Foram vinte e dois tiros! Vinte e dois tiros que marcam a execução de Mãe Bernadete, Ialorixá e líder quilombola. O seu extermínio traduz o interesse brutal que se interpõe contra corpos lidos à distância da norma. Os graus de letalidade se intensificam e se complexificam quando observamos as mobilizações políticas de terror que são acionadas contra uma mulher negra, de axé, uma Ialodê — referência direta à chefia feminina em altos escalões da política na tradição iorubá. Assumindo que o corpo é significado nas dinâmicas políticas, a humanidade de corpos lidos à distância da norma é transferida para as fronteiras, para territórios inóspitos e, assim, somente assim, na dinâmica da banalidade, podem ser desabilitados, atendendo aos interesses coloniais que se atualizam na contemporaneidade.

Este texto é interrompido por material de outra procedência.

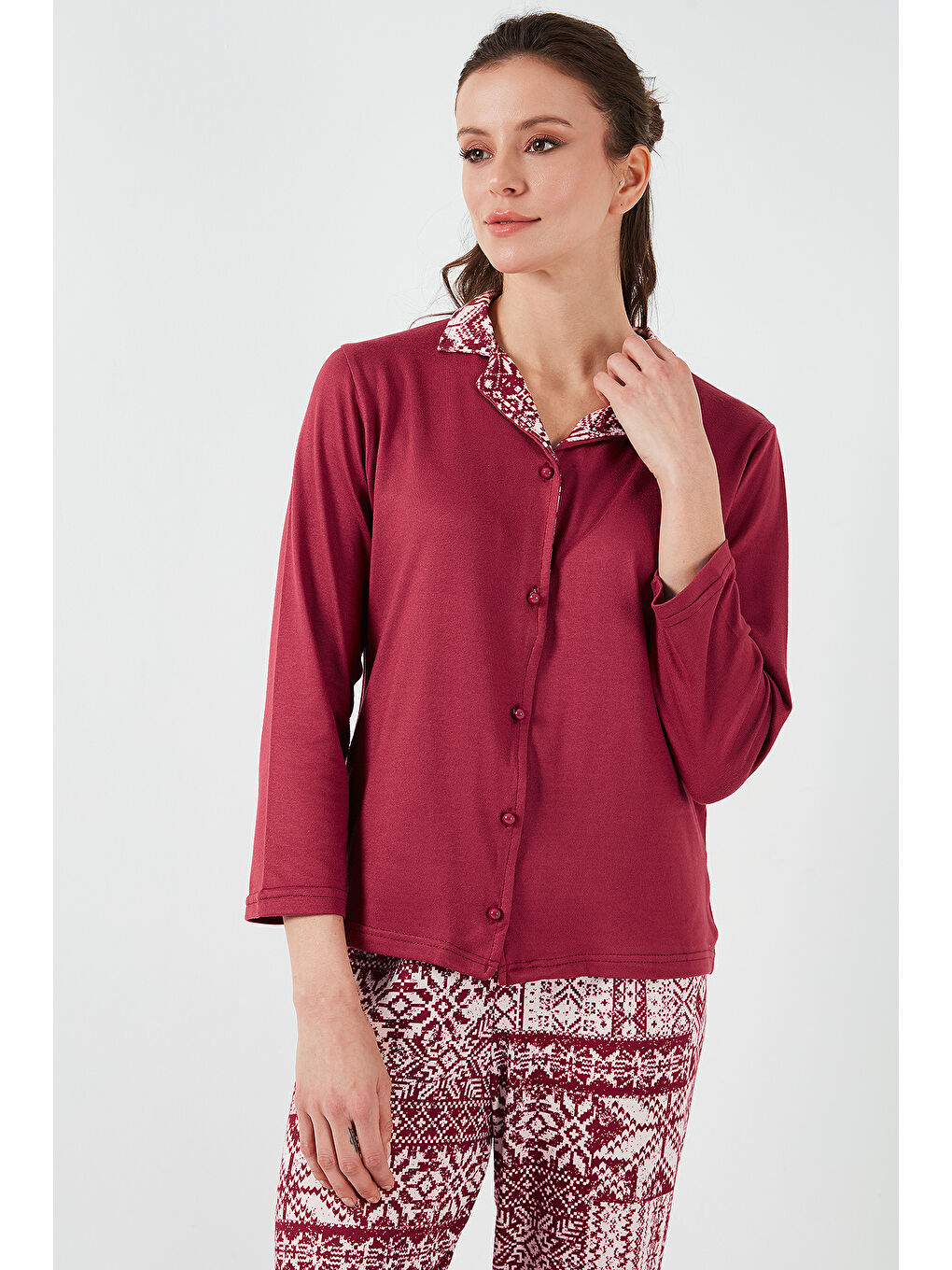 Lela Bordo Desenli Regular Fit Apaş Yaka Beli Lastikli Bol Paça Kadın Pijama Takımı 65714300 - 4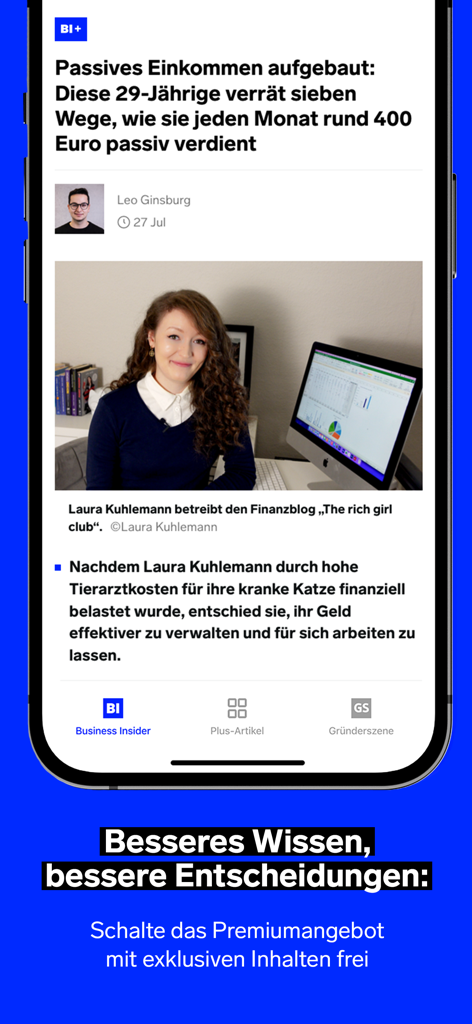 Business Insider Deutschland - Screenshot der Business Insider Deutschland App, der einen Finanzartikel über passives Einkommen auf einer mobilen Oberfläche zeigt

O contrato colonial, pacto político entre sujeitos que se enunciam como norma, é reflexo de uma sequência de poderes econômicos, políticos, epistêmicos, territoriais e bélicos, que se entrecortam para circunscrever os limiares do que pode ser reconhecido. Mãe Bernadete tinha 72 anos e era líder religiosa da comunidade Pitanga dos Palmares e da Coordenação Nacional de Articulação de Quilombos (CONAQ). Sua relevância política como mulher negra, de axé e ativista, constrange o pacto, o contrato colonial que historicamente se comprometeu com a formação de imagens injuriosas de sujeitos negros, de mulheres negras e de pessoas de axé. Sua presença desmantela as representações de mundo que asfixiam a humanidade de sujeitos negros e revela que, além do projeto colonial, quando nos movemos alteramos não só as imagens produzidas, mas a materialidade operacionalizada pelas estruturas e poderes brancos, masculinos e ciseterobrutais, que desprezam em alto grau a diferença. A política da diferença, que dialoga e é combativa, desestabiliza a norma que, como sabemos, é fruto de operações sofisticadas de poder que tencionam, de modos multidimensionais, perpetuar a sua lógica de dominação.
Os pactos políticos no Brasil estão manchados com o sangue negro e indígena. É de conhecimento público também que a colonização, enquanto projeto político, se atualiza na composição de novas invasões territoriais, culturais e na transformação sistêmica de corpos lidos como dissidentes em novas colônias, administradas pelas normas de gênero, de raça, de sexualidade, etc. Embora o projeto colonial, ainda em curso, tenha como propósito a desumanização e a colonização dos nossos corpos e que a necropolítica se instale como método contra corpos dissidentes, a memória, a aliança e a margem, como nos ensina bell hooks, são instrumentos de fortalecimento. São ferramentas que nos colocam combativos, uma vez que fazem com que abandonemos os paradigmas coloniais que nos ensinam o auto-ódio e nos permitem, numa política do afeto, odiar as estruturas que tencionam nos aniquilar. Em nome da memória, da ancestralidade e da força política que constrange e desmonta o projeto colonial, nós afirmamos: mãe Bernadete, presente!